Un de mes souvenirs les plus forts de mon premier voyage au Japon fut l’apparition de ces oiseaux et leur V reconnaissable, dans le ciel de Kyoto en octobre 2009. Pourquoi les oies sauvages? Parce que durant mes études en art japonais, j’ai eu l’occasion de la croiser souvent cette figure de l’oie sauvage. Elle est très présente, notamment dans la série “Les huit vues de Ômi” (Ōmi hakkei, 近江八景) de Ando Hiroshige.
Il en a réalisées plusieurs, toutes les plus audacieuses les unes que les autres d’un point de vue graphique et de composition. Tout comme les célèbres séries d’estampes “Les cinquante-trois stations du Tôkaidô” du même artiste ou “Les trente-six vues du mont Fuji” de Hokusai, ces images avaient pour but de faire voyager le lecteur ou de le renseigner en cas de déplacement sur les choses à ne pas manquer durant son trajet.
Ainsi les huit vues d’Òmi montrent toujours les huit mêmes vues :
- Temps clair à Awazu (Awazu seiran, 粟津晴嵐)
- Lune d’automne au temple Ishiyama (Ishiyama shūgetsu, 石山秋月)
- Les oies descendant à Katada (Katada rakugan, 堅田落雁)
- Nuit pluvieuse à Karasaki (Karasaki yau, 唐崎夜雨)
- Soleil du matin à Seta (Seta sekishō, 勢田夕照)
- Neige au crépuscule sur le Mont Hira (Hira bosetsu, 比良暮雪)
- Evening Bell at Miidera Temple (Mii banshō, 三井晩鐘)
- Retour au port à Yabase (Yabase kihan, 八橋帰帆)
Le talent et la virtuosité de l’artiste feront le reste.
La force des artistes japonais réside souvent dans leur capacité à reproduire dix fois le même thème avec toujours un point de vue différent, une prouesse graphique ou une audace spatiale qui rend chaque œuvre unique et digne d’intérêt.
La vue qui nous intéresse est évidemment la 3e, “Les oies descendant à Katada”. Katada est une petite ville côtière sur le lac Biwa (le plus grand lac du Japon, au nord de Kyoto) où les oies sauvages ont l’habitude de faire escale en automne.
Voici deux exemples d’œuvres sur ce thème réalisées la même année par Hiroshige :
La différence de qualité s’explique par le type de commande. Si la première œuvre semble moins soignée, c’est qu’elle fait le quart de la taille de celle du dessous et que probablement les moyens de production étaient eux aussi réduits. La première œuvre était probablement un équivalent à la carte postale d’aujourd’hui, une image souvenir qu’on pouvait se procurer à moindre coûts dans les foires, chez les marchands de livres ou sur les lieux de passage. Tandis que la deuxième, plus luxueuse, entre dans la catégorie des nishiki-e (“image de brocard”, 錦絵), c’est à dire des estampes soignées coûteuses, commandées par de riches amateurs.
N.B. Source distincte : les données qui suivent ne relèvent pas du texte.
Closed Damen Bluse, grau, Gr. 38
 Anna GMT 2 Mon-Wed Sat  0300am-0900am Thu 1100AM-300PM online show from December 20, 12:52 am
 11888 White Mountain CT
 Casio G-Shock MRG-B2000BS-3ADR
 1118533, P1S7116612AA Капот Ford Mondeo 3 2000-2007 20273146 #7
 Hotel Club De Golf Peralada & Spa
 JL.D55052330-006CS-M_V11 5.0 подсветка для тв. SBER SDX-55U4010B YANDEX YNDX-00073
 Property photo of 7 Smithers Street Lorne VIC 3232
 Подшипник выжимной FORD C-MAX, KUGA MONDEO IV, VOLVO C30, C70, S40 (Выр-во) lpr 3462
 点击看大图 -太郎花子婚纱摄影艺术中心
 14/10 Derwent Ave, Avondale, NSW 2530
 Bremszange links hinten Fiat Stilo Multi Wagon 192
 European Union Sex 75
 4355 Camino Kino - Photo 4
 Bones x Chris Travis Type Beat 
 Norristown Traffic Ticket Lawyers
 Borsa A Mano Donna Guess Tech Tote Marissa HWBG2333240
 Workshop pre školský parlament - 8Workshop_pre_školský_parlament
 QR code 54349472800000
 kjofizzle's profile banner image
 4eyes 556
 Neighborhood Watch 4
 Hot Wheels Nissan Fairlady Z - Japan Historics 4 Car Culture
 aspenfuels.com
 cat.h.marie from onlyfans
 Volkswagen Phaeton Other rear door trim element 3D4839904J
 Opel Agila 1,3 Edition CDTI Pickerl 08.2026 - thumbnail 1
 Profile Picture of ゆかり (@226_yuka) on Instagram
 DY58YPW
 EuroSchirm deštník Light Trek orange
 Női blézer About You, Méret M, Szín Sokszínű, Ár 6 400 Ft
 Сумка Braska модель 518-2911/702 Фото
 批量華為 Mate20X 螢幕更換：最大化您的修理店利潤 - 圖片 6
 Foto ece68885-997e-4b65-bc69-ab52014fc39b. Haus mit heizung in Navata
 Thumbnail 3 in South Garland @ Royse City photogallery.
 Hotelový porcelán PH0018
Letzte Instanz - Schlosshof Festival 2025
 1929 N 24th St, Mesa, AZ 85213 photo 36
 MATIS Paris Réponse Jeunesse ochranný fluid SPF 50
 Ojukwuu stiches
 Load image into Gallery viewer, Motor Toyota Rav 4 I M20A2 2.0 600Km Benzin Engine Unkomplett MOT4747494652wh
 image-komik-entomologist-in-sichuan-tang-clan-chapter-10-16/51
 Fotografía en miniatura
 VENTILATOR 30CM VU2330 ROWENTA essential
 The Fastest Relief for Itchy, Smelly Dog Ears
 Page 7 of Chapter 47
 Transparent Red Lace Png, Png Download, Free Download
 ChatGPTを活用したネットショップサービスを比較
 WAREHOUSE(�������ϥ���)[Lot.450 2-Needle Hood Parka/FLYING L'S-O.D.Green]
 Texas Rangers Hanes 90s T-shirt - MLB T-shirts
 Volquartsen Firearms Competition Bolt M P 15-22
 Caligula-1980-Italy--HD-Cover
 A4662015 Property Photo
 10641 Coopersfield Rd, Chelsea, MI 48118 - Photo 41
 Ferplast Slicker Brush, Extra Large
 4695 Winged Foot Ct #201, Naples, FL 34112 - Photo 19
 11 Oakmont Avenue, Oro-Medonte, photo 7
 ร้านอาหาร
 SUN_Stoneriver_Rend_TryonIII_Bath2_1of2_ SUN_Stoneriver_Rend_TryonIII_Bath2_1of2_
La règle d’or de ces séries d’estampes étaient de divertir, voire de surprendre. L’idée était que les amateur, selon leurs moyens, se procureraient la série entière si les œuvres sont assez originales. Encore plus lorsqu’il s’agit de commandes privées par de riches marchands. Ils espèrent épater la galerie et surprendre leurs amis lors de réunion entre amateurs éclairés. L’audace et l’originalité sont donc au cœur de la production de ces images.
Des artistes comme Hiroshige ou Hokusai ont su prendre parti de cette situation et il nous pouvons encore aujourd’hui sentir vibrer les lignes et les couleurs de chaque composition.